Traffickers don't offer sea crossings for free so any adult on board their vessel has made a decision to gamble what they have against what they dream they might one day have and has bought a place in the last round of Russian Roulette, the one where all the chambers of the gun are loaded and it comes down to luck and the benevolence of the EU whether they are rescued from the brine or they die.
I have no problem with people dying from their own greed and stupidity but I do have a problem with people putting their children's lives at risk because of it. Understanding human nature as I do, I am aware there will always be idiots prepared to take potentially fatal risks so the only way I see of keeping these children safe from their parents' idiocy is to take away the boats.
It would probably be cheaper, too, for the EU to buy and scrap every potential trafficking vessel than it is to keep scooping people out of the water when they break down or sink. It might give people from some parts of the world the incentive to sort their own countries out rather than just move out, too.
In Europe now we have a peculiar situation in that our own rules generally prevent our direct intervention in the politics of troubled areas so we don't have the option of sorting the problems out at source, helping places become safe and prosperous enough that populations don't feel the need to seek asylum elsewhere.

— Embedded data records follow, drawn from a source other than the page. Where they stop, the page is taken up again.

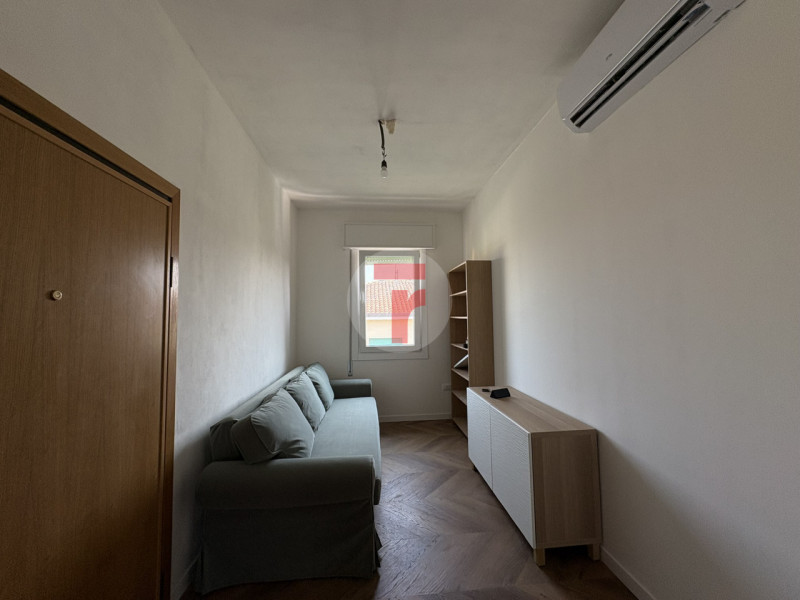 - STANZA SINGOLA PER STUDENTI -

STANZA in appartamento che si trova in zona Sant'Antonino ottima...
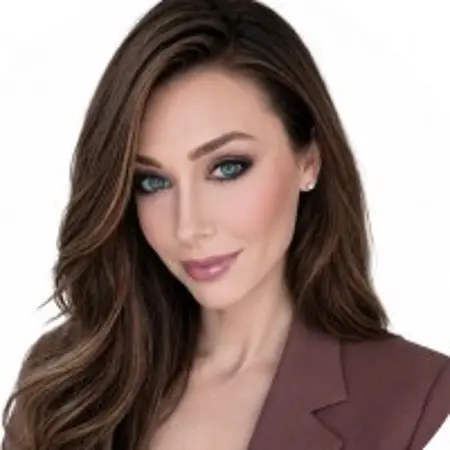 Baylee Reppy, Account Manager on Influential Women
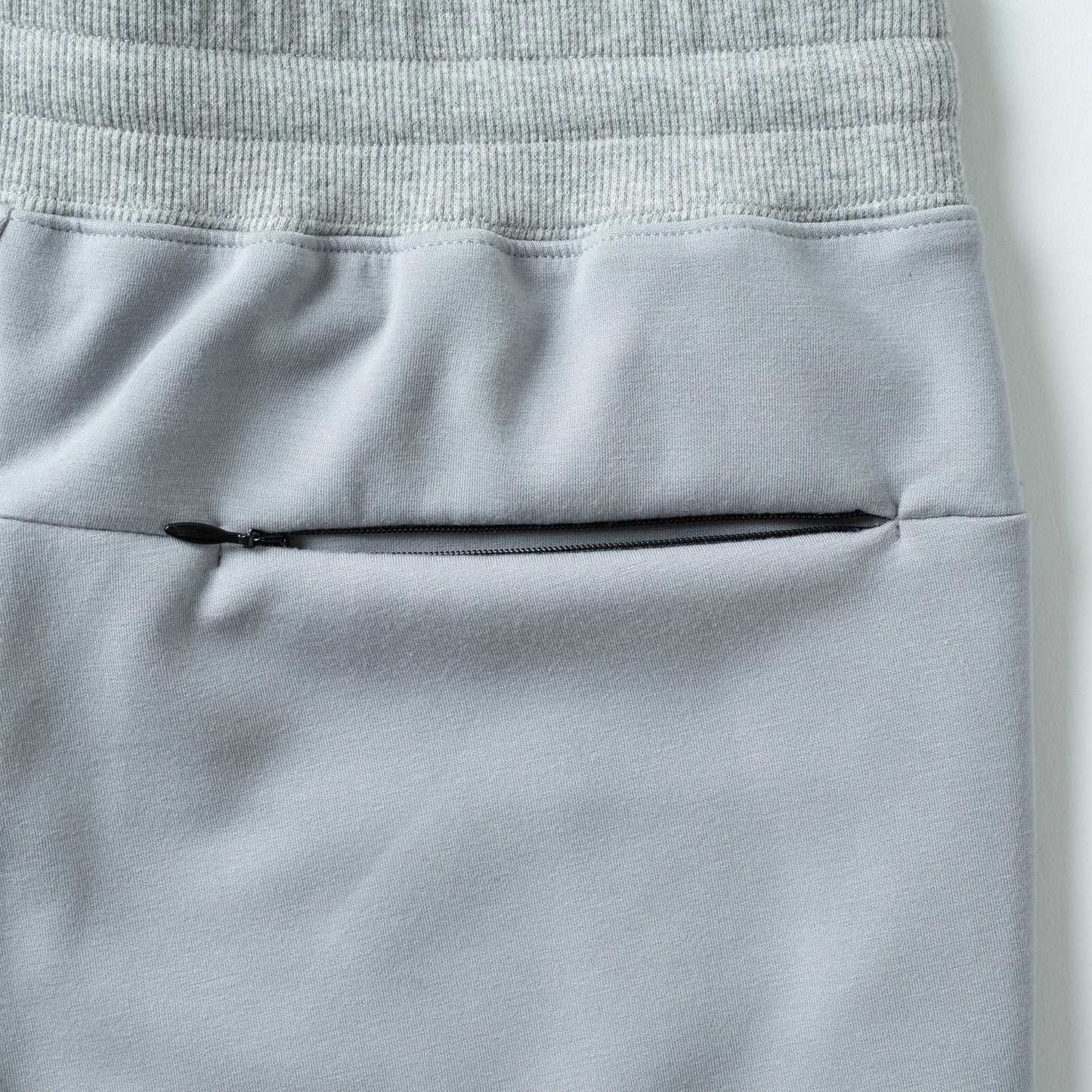 SPORTS MOVING SHORT PANTS GRAY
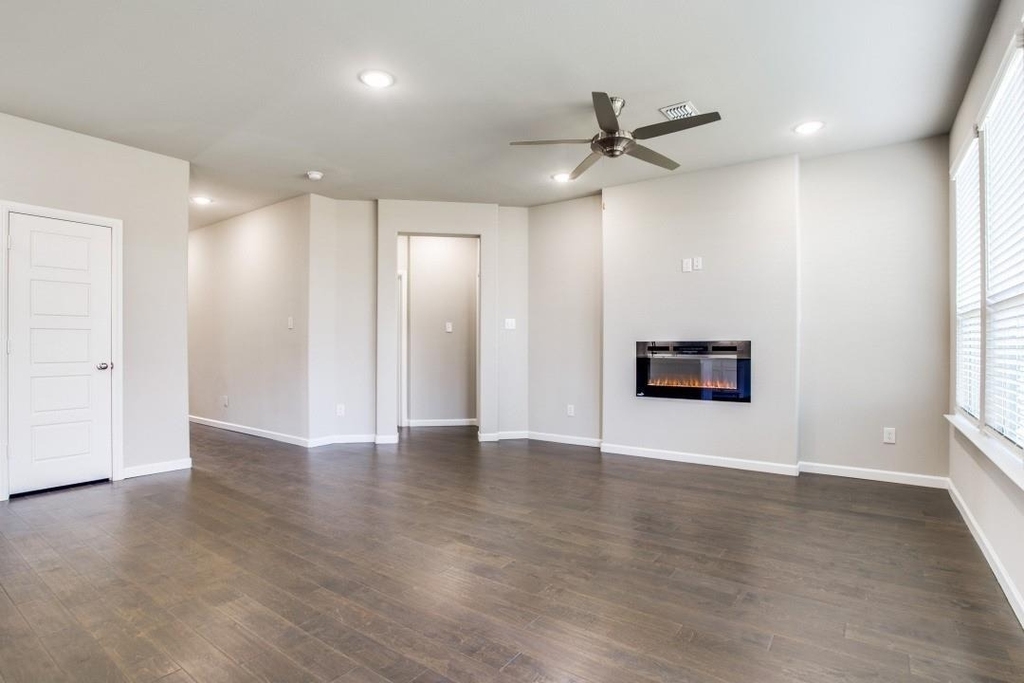 313 Ember Circle - Photo 7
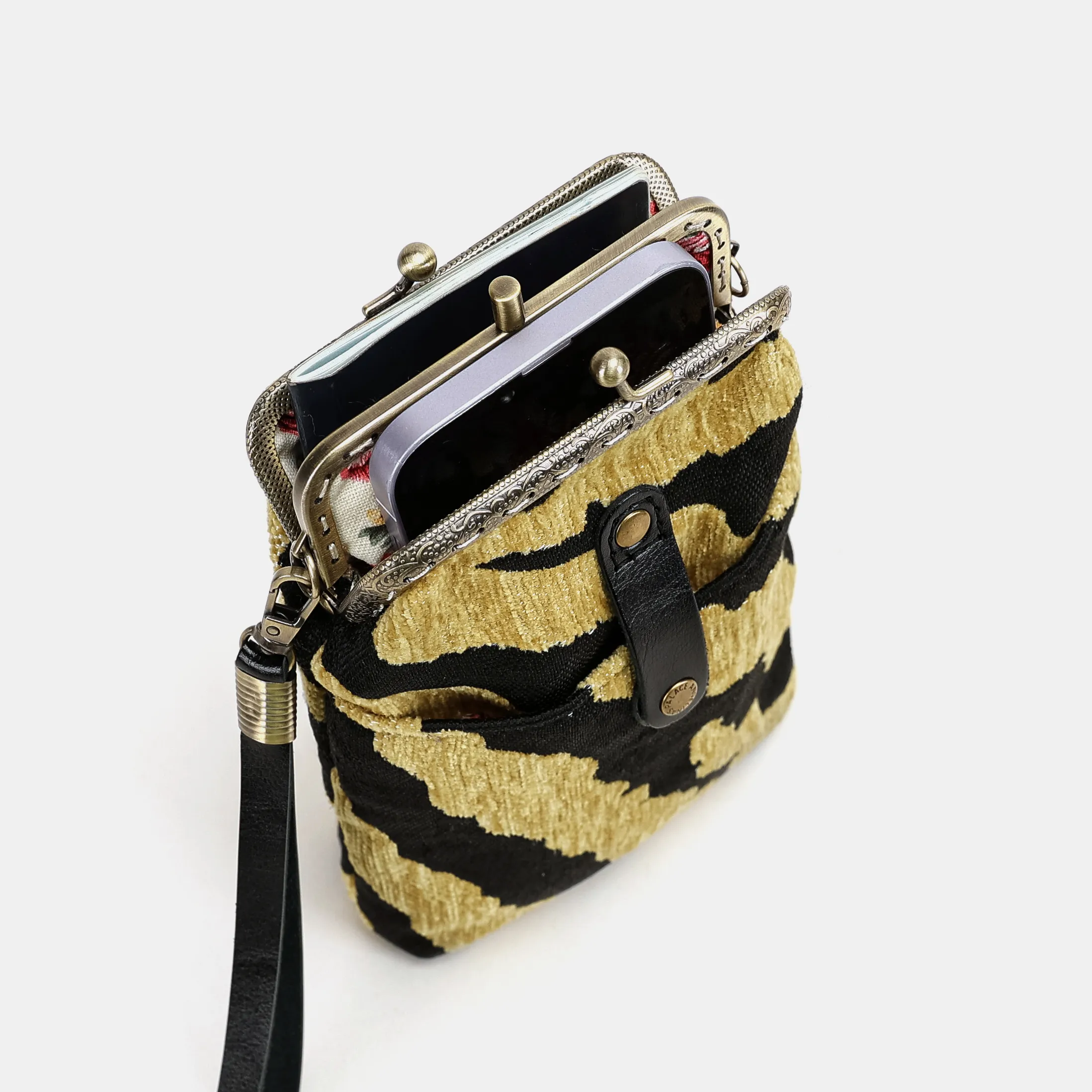 Tiger Stripe Carpet Phone Case - Image 7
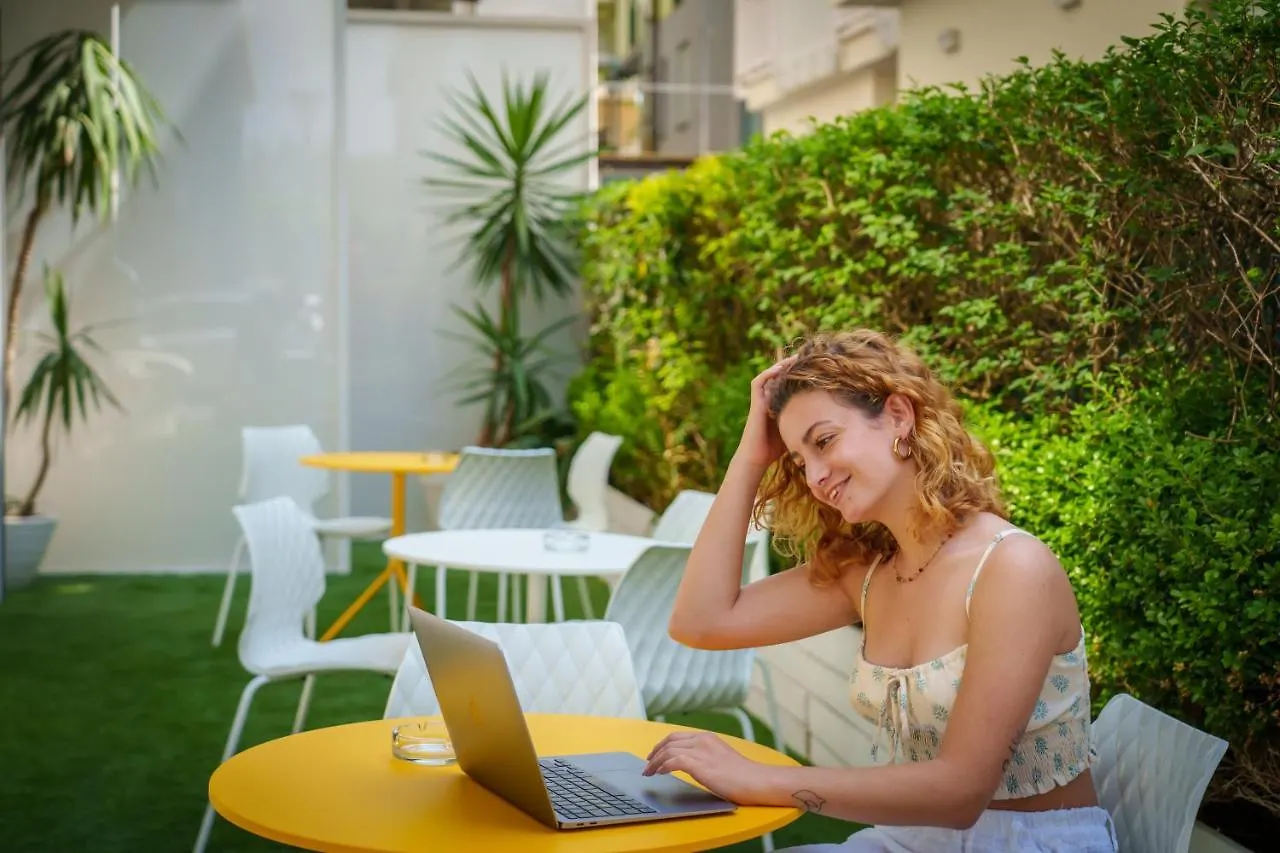 Design Hotel Astra B&B ميسانو ادرياتيكو 3*,  إيطاليا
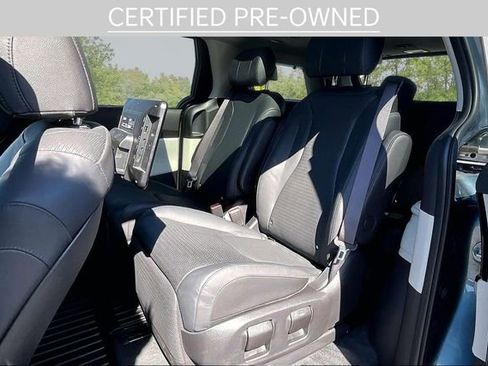 Certified 2024 Kia Carnival SX Prestige image 24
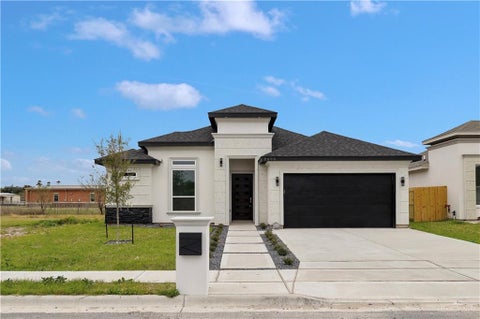 Homes For Sale - 2608 Linva Avenue<br/> Hidalgo County, Edinburg, TX 78541
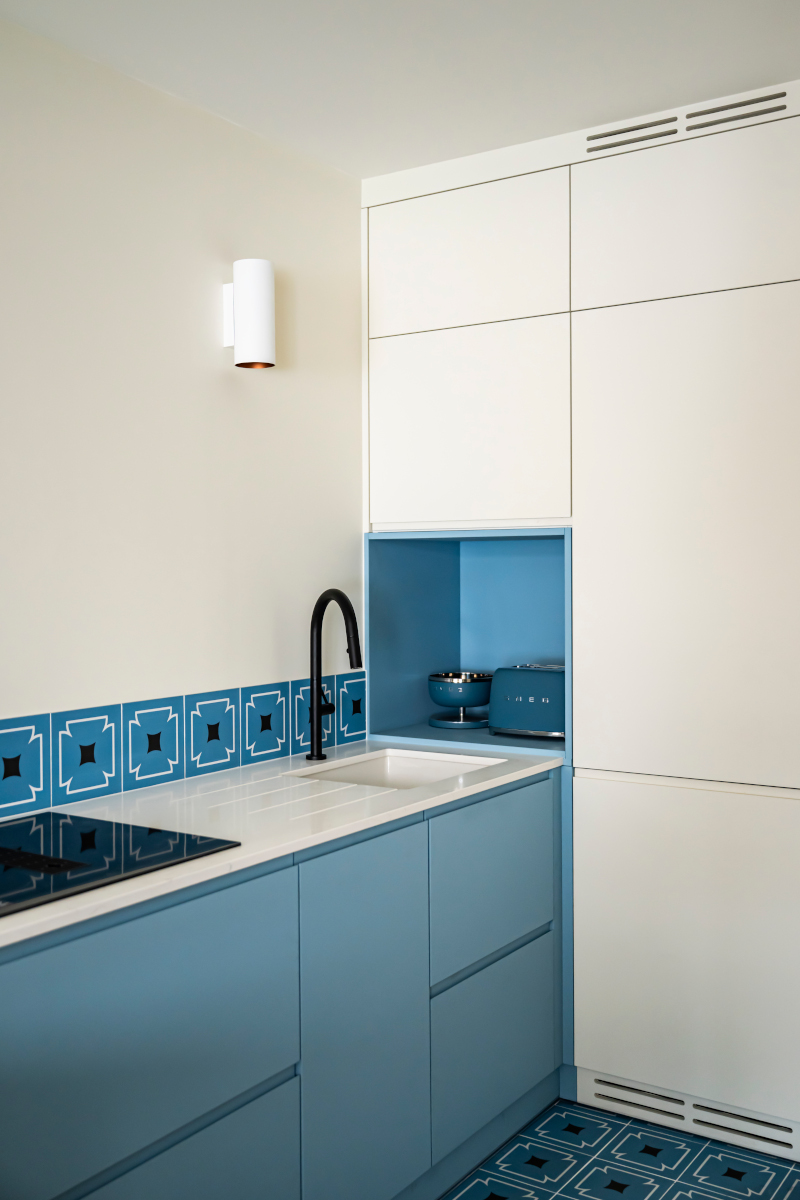 cuisine ouverte appartement de 60m2 rénové à Paris Photo : ©Julien Pépy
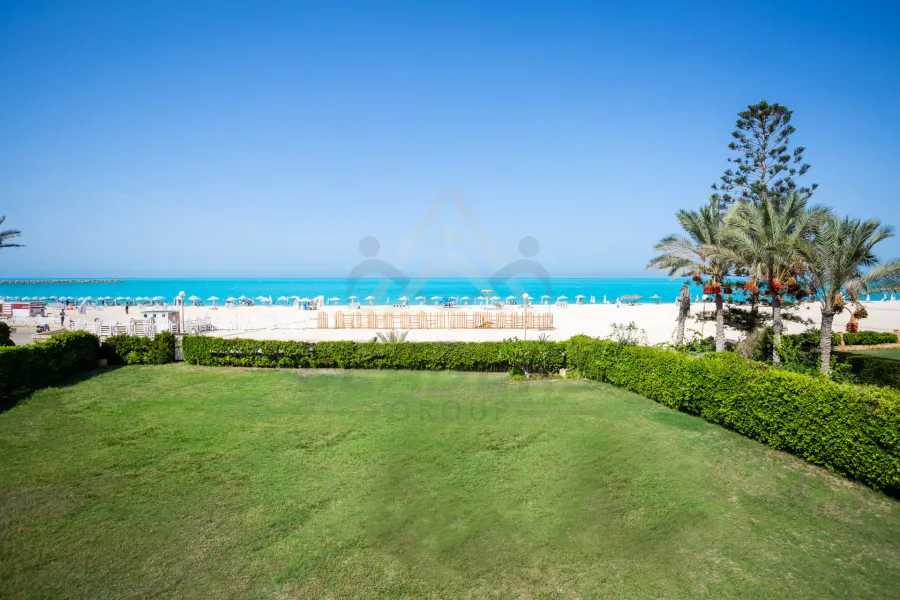 فيلا ستاند الون للبيع (مارينا 5 لسان الوزراء - الساحل) 1,200 م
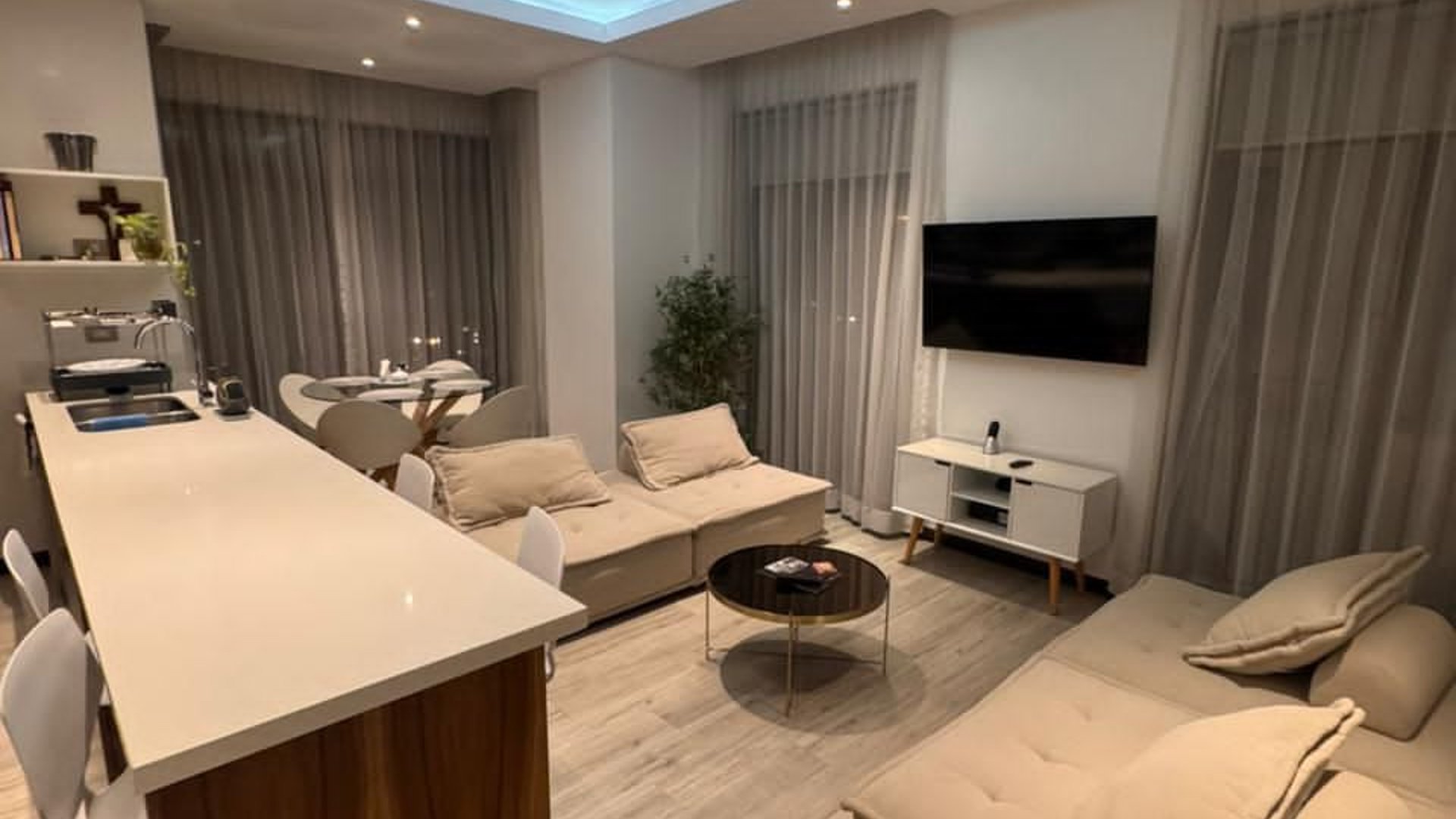 Apartamento en renta amueblado de 3 habitaciones en zona 16 Ref-5511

Until someone changes the rules elsewhere in the world, there is nothing more we in the EU can do than clear up any mess that reaches us. It is not appropriate for us as individuals to feel guilty that other parts of the world choose not to follow our political example and experience problems from which people flee as a result.
Some numbers:
Of the people arriving in Italy by sea in 2014, just over 25,000 were men originally from Syria and just over 24,000 were men originally from Eritrea. Just over 6,000 women arrived from each country, too. The published number of minors I have to hand does not differentiate between girls and boys but I guess the split to be no less skewed in favour of males. However you view these figures, they do not convincingly represent a flow of refugee family units.
The Gambian arrivals numbered almost 7,500 men and only 28 women, very clearly suggesting economic migration to be the principal driver for migrants attempting illegal entry to the EU from that region. Malians numbered over 9,000 men and just 27 women, indicating a similar situation.